From Meta, a Wikimedia project coordination wiki
Open Speaks: Building Wikimedia Project-Specific Media from Film Archives
Rapid Fund Final Report

Report Status: Under review

Due date: 17 March 2025

Funding program: Rapid Fund

Report type: Final

Application

This is an automatically generated Meta-Wiki page. The page was copied from Fluxx, the web service of Wikimedia Foundation Funds where the user has submitted their midpoint report. Please do not make any changes to this page because all changes will be removed after the next update. Use the discussion page for your feedback. The page was created by CR-FluxxBot.

General information

[edit]
  • Applicant username: Psubhashish
  • Organization name: N/A
  • Amount awarded: 4985.69
  • Amount spent: 6150.92 USD, 8856.62

Part 1: Project and impact

[edit]

1. Describe the implemented activities and results achieved. Additionally, share which approaches were most effective in supporting you to achieve the results. (required)

The grant helped launch OpenSpeaks/Archives, a digital repository for low-resource languages.

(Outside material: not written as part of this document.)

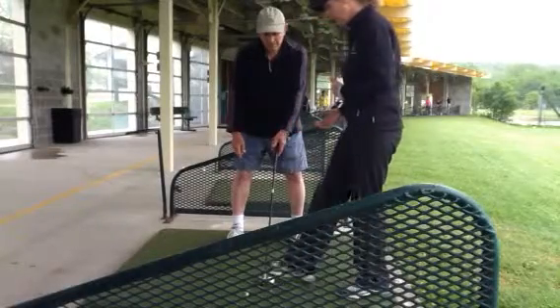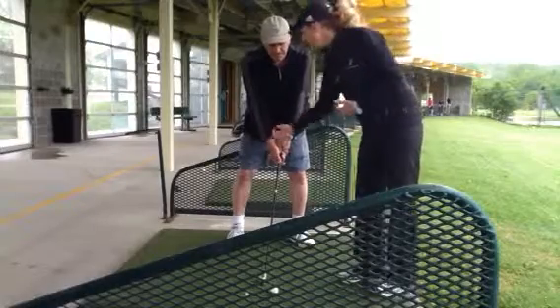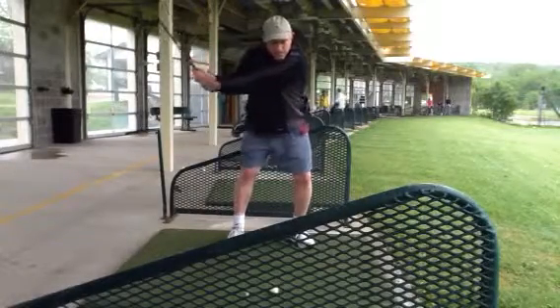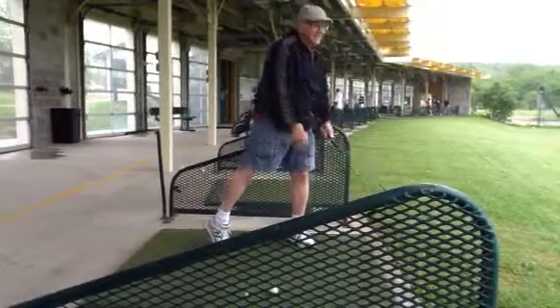So all we worked on today — I'll go ahead and move the ball here — is just making sure at the start of the downswing that we go ahead and lift up that right heel. So just take a practice swing, and just as soon as you start down, go ahead and get that right heel in the air and swing through, get all the way on the tippy toe, and then pivot that foot all the way around. Very good.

By bringing to life 20 video files in five Indigenous and/or low-resource languages, the Archives enriched Wikipedia and Wiktionary (and other Wikimedia projects) in nearly 25 languages. It contributed to co-creating a language diversity-focused edit-a-thon, Wiki Loves Languages, led by a Wikimedian colleague on my home wiki. The insights gained will enrich OpenSpeaks, a resource that has supported many archivists, including a WMF-funded project. Six previously unsupported languages are now available for subtitles on Commons and other Wikimedia projects by identifying and engaging the Wikimedia developer community. Several small tools were developed, offering the potential for independent projects to aid language archivists.

The grant contributed to Wikipedia, Wikidata, Wiktionary, and Commons. Archived documentary footage was relicensed (CC BY-SA 4.0), edited, subtitled by language experts, and translated into at least one neighbouring major language and English, enabling multilingual dissemination. Among the languages, Kusunda was near-extinct and this project contributed to the ongoing revival, Bonda is endangered, Ho and Van Gujjari are vulnerable, and Baleswari-Odia is largely undocumented in audio-visual media. Additionally, the project co-led an edit-a-thon on Odia Wikipedia, creating 75 new articles about diverse languages and their communities.

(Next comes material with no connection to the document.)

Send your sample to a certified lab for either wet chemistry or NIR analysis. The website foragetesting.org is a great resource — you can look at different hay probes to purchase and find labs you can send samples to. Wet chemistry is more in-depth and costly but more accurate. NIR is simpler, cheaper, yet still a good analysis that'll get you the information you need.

2. Documentation of your impact. Please use space below to share links that help tell your story, impact, and evaluation. (required)

Share links to:

  • Project page on Meta-Wiki or any other Wikimedia project
  • Dashboards and tools that you used to track contributions
  • Some photos or videos from your event. Remember to share access.

You can also share links to:

  • Important social media posts
  • Surveys and their results
  • Infographics and sound files
  • Examples of content edited on Wikimedia projects

Links:

OpenSpeaks Archives project page (https://meta.wikimedia.org/wiki/OpenSpeaks/Archives) on Meta-Wiki, detailing outcomes, list of Wikipedia/Wikidata/Wiktionary entries created and improved

Media files uploaded on Commons (in 2024 — https://commons.wikimedia.org/wiki/Category:Files_uploaded_from_OpenSpeaks_Archives_in_2024 and 2025 — https://commons.wikimedia.org/wiki/Category:Files_uploaded_from_OpenSpeaks_Archives_in_2025)

Additionally, share the materials and resources that you used in the implementation of your project. (required)

For example:

  • Training materials and guides
  • Presentations and slides
  • Work processes and plans
  • Any other materials your team has created or adapted and can be shared with others

OpenSpeaks (https://en.wikiversity.org/wiki/OpenSpeaks), a set of resources and practical guides

BBC Accessibility guidelines for subtitles: https://www.bbc.co.uk/accessibility/forproducts/guides/subtitles/

3. To what extent do you agree with the following statements regarding the work carried out with this Rapid Fund? You can choose “not applicable” if your work does not relate to these goals. Required. Select one option per question. (required)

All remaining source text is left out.